Method ranks impact of computer and information science funding agencies, institutions & individuals

December 13, 2004

The National Science Foundation tops all national and international agencies for funding research that makes the most impact in computer and information science, according to Penn State researchers in the School of Information Sciences and Technology (IST).

The researchers have developed a new method which can automatically extract and identify acknowledgments of funding agencies, institutions and individuals in papers available on the Internet and indexed on CiteSeer, the largest public digital library of and search engine for papers in computer and information science.

"One of the measures of efficacy is impact, and a measure of impact is citations and acknowledgments," said Dr. C. Lee Giles, David Reese Professor of Information Sciences and Technology, and one of the developers of CiteSeer. "This automated method allows us to see which agencies are funding influential research in computer and information science. We speculate that these measures could be used to evaluate the efficacy of funding agencies and programs both at the national and international level."

In addition, the method could potentially enable the evaluation of individual research programs within a funding agency, Giles said. The method is described in a paper, "Who Gets Acknowledged: Measuring Scientific Contributions through Automatic Acknowledgment Indexing," in the current issue of the Proceedings of the National Academy of Sciences. Giles' co-author is Isaac Councill, a doctoral student in IST.

Authors typically conclude their scientific papers with acknowledgments which document intellectual debt, financial support or important editorial, conceptual or scientific contributions. Acknowledgments differ from citations as they reflect an active participation in the research by the acknowledged party or parties.

While corporations, educational institutions and individuals don't request acknowledgments, funding agencies do, Giles said.
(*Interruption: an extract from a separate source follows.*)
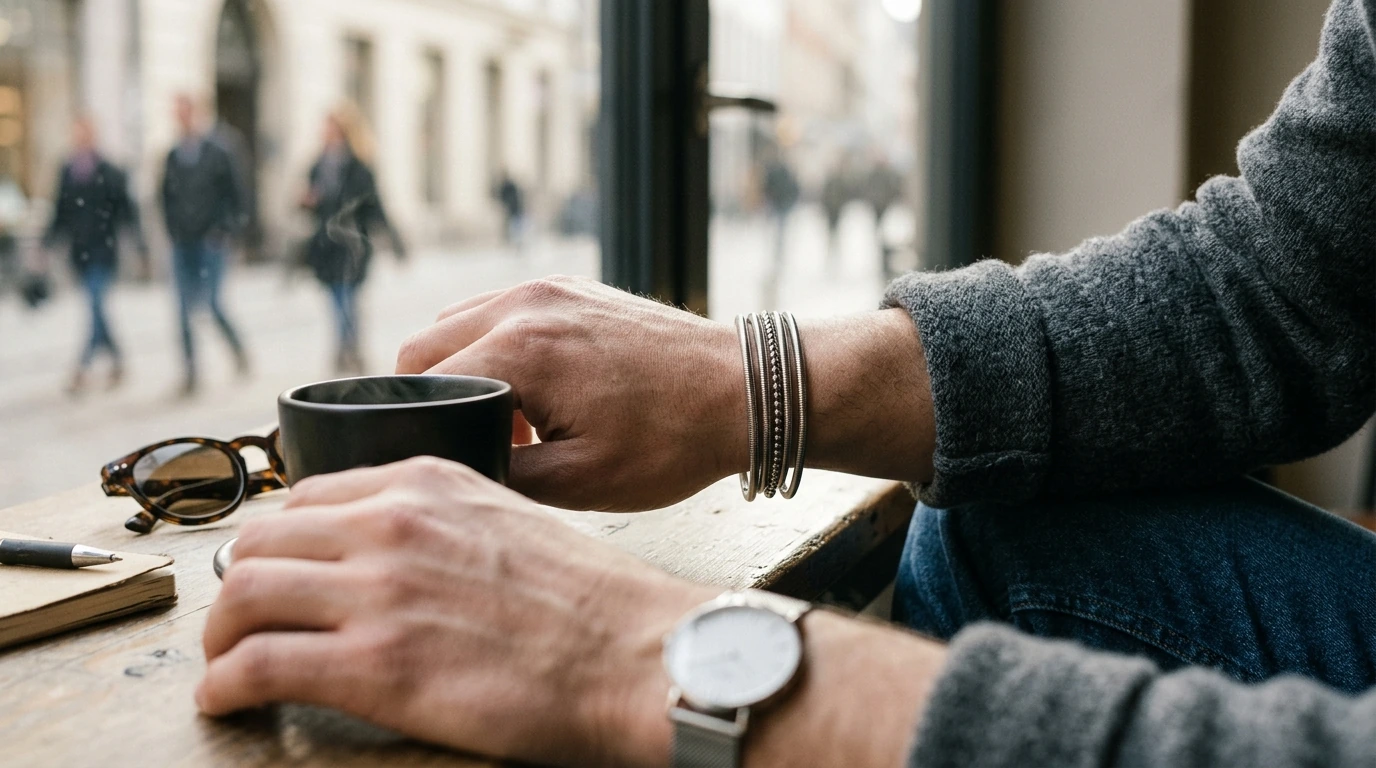 Stacked Stainless Steel Bracelet: Luxury Layered Style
NSF had the most acknowledgments--12,287--of the 15 most often acknowledged funding agencies, followed by the Defense Advanced Research Projects Agency (DARPA) with 4,712. At the bottom of the top 15 was the Science and Engineering Research Council, established by the government of India in 1974, with 489 acknowledgments.

"NSF funds established researchers as well as takes a chance on new researchers," Giles said. "In the context of scientific research, NSF's total number of acknowledgments suggests it is doing extremely well."

But the researchers created a second measure: a metric of total citations (C) to number of acknowledgments (A). DARPA leads in this measure with a C/A of 17.12, suggesting that DARPA funds only established researchers who already have done high impact work, Giles said.

Using that metric, NSF placed third after DARPA and the Office of Naval Research. A German agency, Deutsche Forschungsgemeinschaft, had the lowest C/A at 3.52 although the fourth-highest number of acknowledgments, according to the researchers. Surprisingly, India's funding agency also has a very high C/A ratio even though the number of acknowledgements is 1/30 of NSF's.

Using another metric--what agency is acknowledged by the 100 most cited papers in CiteSeer--NSF tops the list followed by DARPA. In addition to funding agencies, the researchers also used the method to look at corporations, educational institutions and individuals acknowledged in computer and information science papers. The bad news for corporations is that funding research doesn't ensure survival.

Several of the companies--including AT&T Bell Labs and Digital Equipment Corporation--acknowledged in the 10-year period studied either don't exist anymore or have been greatly diminished, Giles said.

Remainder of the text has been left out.